La reprise des terrains concédés temporairement était une mesure urgente devant laquelle l'administration reculait d'année en année. On comprend ce scrupule lorsqu'il s'agit de toucher à des choses aussi délicates que les reliques des morts et les dépôts sacrés des familles. En 1821, le conseil municipal, effrayé par cette entreprise au-dessus de ses forces, sembla pencher à l'agrandissement des cimetières, mesure dispendieuse et qui n'était pas moins que l'autre entourée d'obstacles. Ce n'est qu'en 1832 que l'administration, pressée par la nécessité, fit enfin taire la crainte des erreurs et des mécontentemens devant l'évidence de son droit. De nombreuses reprises furent opérées dans les trois cimetières de la capitale. Tous les objets qui ne furent pas réclamés par les familles après le délai d'un an et un jour, croix, pierres tumulaires, entourages, couronnes, demeurèrent entre les mains de l'administration. Nous avons vu nous-même ces tristes dépouilles; rien qui donne une idée du néant de nos affections comme ces couronnes de fleurs ou de buis, frêles hommages dont l'existence a plus duré que le souvenir des

vivans. Parmi les pierres à moitié détruites, on lit, non sans douleur, des noms inconnus auxquels l'inscription promet des regrets éternels: A la meilleure des mères, à ma fille chérie, · à celui qui emporte toute notre amitié. Une immense compassion nous vient au cœur pour ces pauvres morts expropriés dont les familles oublieuses n'ont pas même recueilli les signes tumulaires. Le préfet de la Seine, par une délicatesse que l'on comprendra, n'a pas voulu remettre dans le commerce des objets qui avaient reçu une sorte de consécration; il fut statué que les matériaux laissés sur les terrains repris seraient employés seulement au service des cimetières. Il n'en fut pas toujours de même, malheureusement, pour les objets réclamés par les familles : les marbriers, race mercantile et avide, ont été plus d'une fois offrir d'eux-mêmes aux parens du défunt de racheter leur monument; si le marché est accepté, la pierre qui porte le nom du mort et le témoignage des regrets qu'il a laissés retourne à l'ouvrier, afin d'être mise en état de remplir une nouvelle destination. L'ancienne inscription s'efface pour en recevoir une autre, qui doit peut-être à son tour être remplacée. Ainsi va le monde.
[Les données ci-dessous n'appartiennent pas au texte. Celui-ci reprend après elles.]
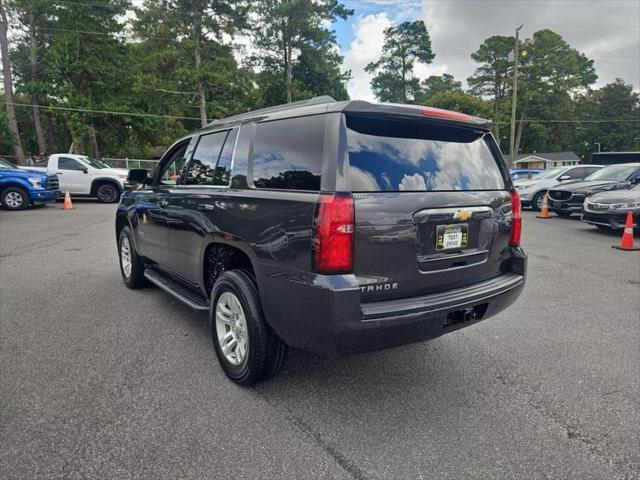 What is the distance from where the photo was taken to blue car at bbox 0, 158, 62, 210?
44.3 feet

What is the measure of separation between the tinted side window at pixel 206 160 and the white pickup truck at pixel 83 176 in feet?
44.8

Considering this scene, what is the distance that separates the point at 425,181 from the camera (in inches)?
102

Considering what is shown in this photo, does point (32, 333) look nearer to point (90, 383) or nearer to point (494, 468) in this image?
point (90, 383)

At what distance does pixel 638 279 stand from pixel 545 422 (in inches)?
181

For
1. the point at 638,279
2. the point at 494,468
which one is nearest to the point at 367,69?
the point at 638,279

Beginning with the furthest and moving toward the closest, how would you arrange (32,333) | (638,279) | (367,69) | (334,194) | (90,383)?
(367,69) < (638,279) < (32,333) < (90,383) < (334,194)

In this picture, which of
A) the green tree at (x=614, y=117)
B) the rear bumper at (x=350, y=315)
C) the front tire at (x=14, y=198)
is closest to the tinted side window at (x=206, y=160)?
the rear bumper at (x=350, y=315)

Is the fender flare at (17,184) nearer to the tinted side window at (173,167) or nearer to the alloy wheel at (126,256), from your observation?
the alloy wheel at (126,256)

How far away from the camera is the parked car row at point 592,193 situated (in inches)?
356

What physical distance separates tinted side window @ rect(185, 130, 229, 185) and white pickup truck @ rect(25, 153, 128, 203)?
1364 cm

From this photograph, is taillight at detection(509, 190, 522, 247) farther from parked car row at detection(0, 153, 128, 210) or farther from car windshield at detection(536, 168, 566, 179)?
parked car row at detection(0, 153, 128, 210)

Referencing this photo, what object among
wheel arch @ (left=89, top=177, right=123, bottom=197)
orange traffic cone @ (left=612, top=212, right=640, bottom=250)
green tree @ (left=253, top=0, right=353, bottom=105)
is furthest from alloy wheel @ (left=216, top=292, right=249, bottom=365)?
green tree @ (left=253, top=0, right=353, bottom=105)

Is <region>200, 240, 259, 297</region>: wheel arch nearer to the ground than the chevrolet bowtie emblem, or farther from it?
nearer to the ground

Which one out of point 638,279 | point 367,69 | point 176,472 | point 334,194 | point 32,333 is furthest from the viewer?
point 367,69
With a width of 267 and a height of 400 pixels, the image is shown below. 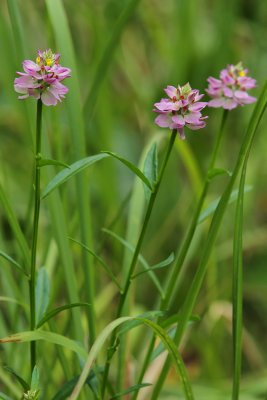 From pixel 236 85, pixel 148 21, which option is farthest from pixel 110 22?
pixel 236 85

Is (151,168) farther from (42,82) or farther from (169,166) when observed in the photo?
(169,166)

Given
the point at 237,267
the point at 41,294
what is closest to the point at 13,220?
the point at 41,294

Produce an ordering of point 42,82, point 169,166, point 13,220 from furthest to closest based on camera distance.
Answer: point 169,166, point 13,220, point 42,82

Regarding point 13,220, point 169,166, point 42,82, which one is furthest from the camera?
point 169,166

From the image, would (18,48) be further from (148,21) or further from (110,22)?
(148,21)

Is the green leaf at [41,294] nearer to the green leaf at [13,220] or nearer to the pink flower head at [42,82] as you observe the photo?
the green leaf at [13,220]

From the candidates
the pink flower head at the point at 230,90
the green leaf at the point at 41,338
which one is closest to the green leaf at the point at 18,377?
the green leaf at the point at 41,338
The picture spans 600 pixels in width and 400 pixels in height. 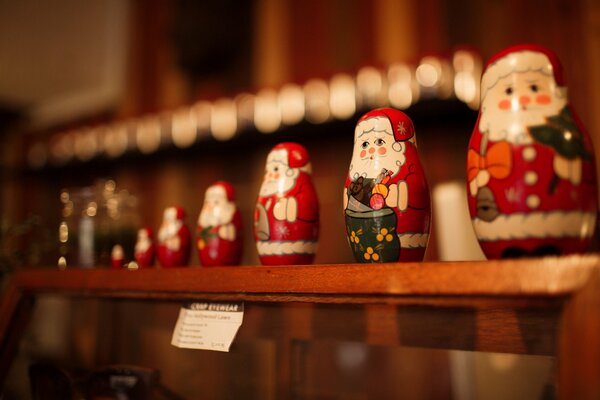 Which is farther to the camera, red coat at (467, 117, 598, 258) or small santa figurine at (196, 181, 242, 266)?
small santa figurine at (196, 181, 242, 266)

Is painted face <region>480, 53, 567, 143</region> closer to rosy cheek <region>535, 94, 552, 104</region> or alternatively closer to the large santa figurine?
rosy cheek <region>535, 94, 552, 104</region>

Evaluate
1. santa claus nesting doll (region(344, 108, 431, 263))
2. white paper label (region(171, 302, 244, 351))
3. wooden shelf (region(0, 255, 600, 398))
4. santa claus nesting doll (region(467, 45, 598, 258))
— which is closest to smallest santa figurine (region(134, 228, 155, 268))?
wooden shelf (region(0, 255, 600, 398))

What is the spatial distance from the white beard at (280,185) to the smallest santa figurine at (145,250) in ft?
1.31

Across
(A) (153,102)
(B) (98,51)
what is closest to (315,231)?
(A) (153,102)

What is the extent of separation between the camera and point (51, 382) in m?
1.01

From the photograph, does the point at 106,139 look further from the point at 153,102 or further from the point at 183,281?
the point at 183,281

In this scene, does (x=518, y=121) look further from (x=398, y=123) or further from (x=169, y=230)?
(x=169, y=230)

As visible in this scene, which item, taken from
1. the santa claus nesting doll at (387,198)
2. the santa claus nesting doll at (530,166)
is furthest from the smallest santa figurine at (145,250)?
the santa claus nesting doll at (530,166)

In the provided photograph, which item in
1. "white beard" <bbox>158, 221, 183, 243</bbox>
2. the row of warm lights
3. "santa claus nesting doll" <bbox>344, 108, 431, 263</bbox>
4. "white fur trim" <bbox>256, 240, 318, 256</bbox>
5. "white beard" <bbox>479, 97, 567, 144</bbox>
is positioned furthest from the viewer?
the row of warm lights

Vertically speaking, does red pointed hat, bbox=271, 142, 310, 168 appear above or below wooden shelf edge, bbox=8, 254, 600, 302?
above

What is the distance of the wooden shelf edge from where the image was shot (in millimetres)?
521

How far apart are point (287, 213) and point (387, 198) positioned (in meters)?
0.20

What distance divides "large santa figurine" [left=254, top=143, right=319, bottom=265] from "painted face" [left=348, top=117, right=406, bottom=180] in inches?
5.1

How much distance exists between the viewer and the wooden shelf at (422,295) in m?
0.51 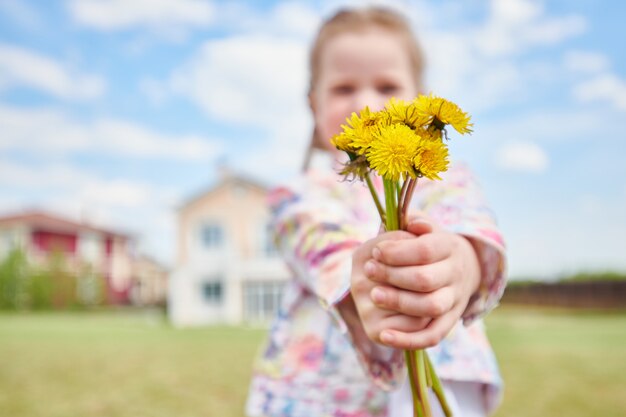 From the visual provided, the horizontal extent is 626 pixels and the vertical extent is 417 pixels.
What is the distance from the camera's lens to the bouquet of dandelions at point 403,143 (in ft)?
2.23

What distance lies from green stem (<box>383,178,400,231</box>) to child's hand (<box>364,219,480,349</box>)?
22 mm

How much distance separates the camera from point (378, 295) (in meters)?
0.84

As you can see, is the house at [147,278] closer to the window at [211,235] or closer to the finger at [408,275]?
the window at [211,235]

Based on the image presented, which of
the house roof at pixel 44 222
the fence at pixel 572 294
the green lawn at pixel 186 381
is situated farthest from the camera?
the house roof at pixel 44 222

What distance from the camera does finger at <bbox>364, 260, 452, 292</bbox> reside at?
83 centimetres

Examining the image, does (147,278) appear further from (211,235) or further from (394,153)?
(394,153)

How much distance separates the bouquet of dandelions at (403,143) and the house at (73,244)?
37.8 metres

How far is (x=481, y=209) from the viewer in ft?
3.90

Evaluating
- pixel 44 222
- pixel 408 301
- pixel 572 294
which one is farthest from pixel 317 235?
pixel 44 222

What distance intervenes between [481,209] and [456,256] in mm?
281

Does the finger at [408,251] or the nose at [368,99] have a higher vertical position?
the nose at [368,99]

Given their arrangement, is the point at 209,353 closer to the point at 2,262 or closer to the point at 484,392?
the point at 484,392

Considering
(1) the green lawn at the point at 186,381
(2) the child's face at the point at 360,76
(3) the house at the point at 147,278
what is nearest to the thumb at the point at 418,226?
(2) the child's face at the point at 360,76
Les reprises ne se borneront point, pour ces dernières années, aux concessions temporaires; en 1829, il avait été créé un nouveau genre de concession, dite conditionnelle, en vertu de laquelle la famille du défunt s'obligeait à payer en son nom une somme convenue dans l'espace de dix ans. Il s'en faut de beaucoup que ces engagemens aient été remplis on peut évaluer à la moitié environ le nombre des concessions conditionnelles abandonnées par les familles. Voilà comme on manque de parole aux morts! Ceci n'a rien qui doive nous surprendre; il arrive fréquemment que les familles fassent d'abord l'achat d'un terrain en se proposant d'y élever plus tard un monument; si ce monument ne s'élève pas dans la première année, on peut être presque assuré qu'il ne s'élèvera jamais. Que fera cependant l'administration? Évidemment elle usera de son droit; elle exécutera ces pauvres morts insolvables qui n'ont point achevé de payer leur sépulture. Soit gène ou indifférence de la part des familles, cet abandon n'en a pas moins un caractère douloureux qui serre le cœur. Ces pierres, élevées soi-disant à perpétuité, seront reprises; ces fastueux témoignages d'une douleur qui se prétendait éternelle tomberont par la faute même de ceux qui les ont érigés. Les cyprès, les ifs déjà grands qui végètent autour de ces monumens condamnés, et dont le feuillage toujours vert devait vivre comme le souvenir de ceux qui les ont fait planter; ces arbustes, dis-je, s'ils ne

sont point réclamés par l'avarice des familles, iront réchauffer dans les hospices les membres nus des malades. La ville de Paris a voulu donner cette pieuse destination à des arbustes consacrés par leur séjour au cimetière; ces ifs et ces cyprès, dont l'existence fut courte, ont encore jeté plus de racines dans la terre que la douleur dans le cœur de l'homme.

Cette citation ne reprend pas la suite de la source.